Cada vez que escribo una columna, me asaltan esas dudas. Y me planteo que en este oficio no hay perder de vista la posibilidad de equivocarnos, que la libertad tiene la contrapartida de la responsabilidad y que no hay derechos sin obligaciones. Pienso que, pese al riesgo de incurrir en el escepticismo, la duda es buena consejera: puede blindarnos frente a esas actitudes intocables y rotundas que invaden al mundo, y que son terreno fértil para que florezcan las inquisiciones. El mundo vive ahora atrapado entre nuevas intolerancias, y prosperan ayatolas, torquemadas y redentores de todos los signos. En izquierdas y derechas hay banderas de combate y brazos en alto. Hay gestos que estremecen por su olímpico desprecio a los demás. Hay intransigencia.
La democracia no se agota en la posibilidad de elegir, ni en el derecho a pensar y a decir lo que creemos. Eso cuenta, y mucho, por cierto, pero, la democracia es, además, tolerancia, es admitir que el otro puede tener algo de razón. La riqueza del debate está en aceptar que mis tesis pueden someterse a discusión, y que no son necesariamente las del otro.
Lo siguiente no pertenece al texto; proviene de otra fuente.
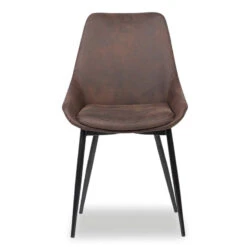 Chaise Mirano Coloris Brun Acier Microfibre -Mobilier Soldes chaise mirano coloris brun 1 3
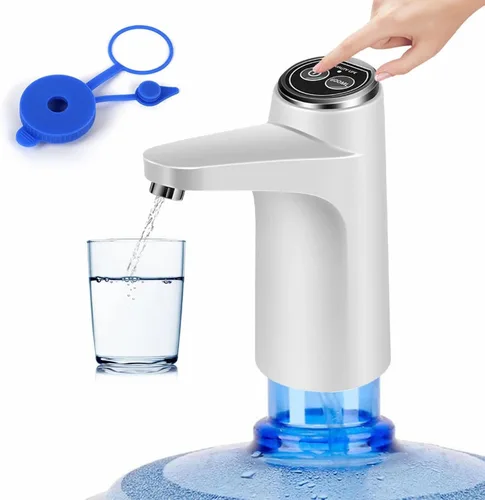 Dispensador de agua para botella de 5 galones, bomba de agua eléctrica de 5 galones, bomba de agua recargable USB-C para jarra de 3 galones, color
La democracia es convivencia, derecho de las minorías y límite a los dogmas. Es respeto a las diferencias y es saber escuchar.
El populismo y las revoluciones se asignaron el patrimonio de la verdad y la exclusividad de la salvación del pueblo. No admiten competencia, y por eso silencian al adversario, suprimen al contrincante, militan bajo el signo de que son dueños de la verdad y que nadie puede poner en entredicho su “misión” redentora.
Por eso, quienes tenemos el privilegio de decir en público y para el público lo que pensamos, no debemos olvidar que estamos lejos de ser dueños de la verdad. Que escribir es un ejercicio en el que habrá dudas razonables y posibilidades de errar. Que nos hace falta un mínimo de humildad.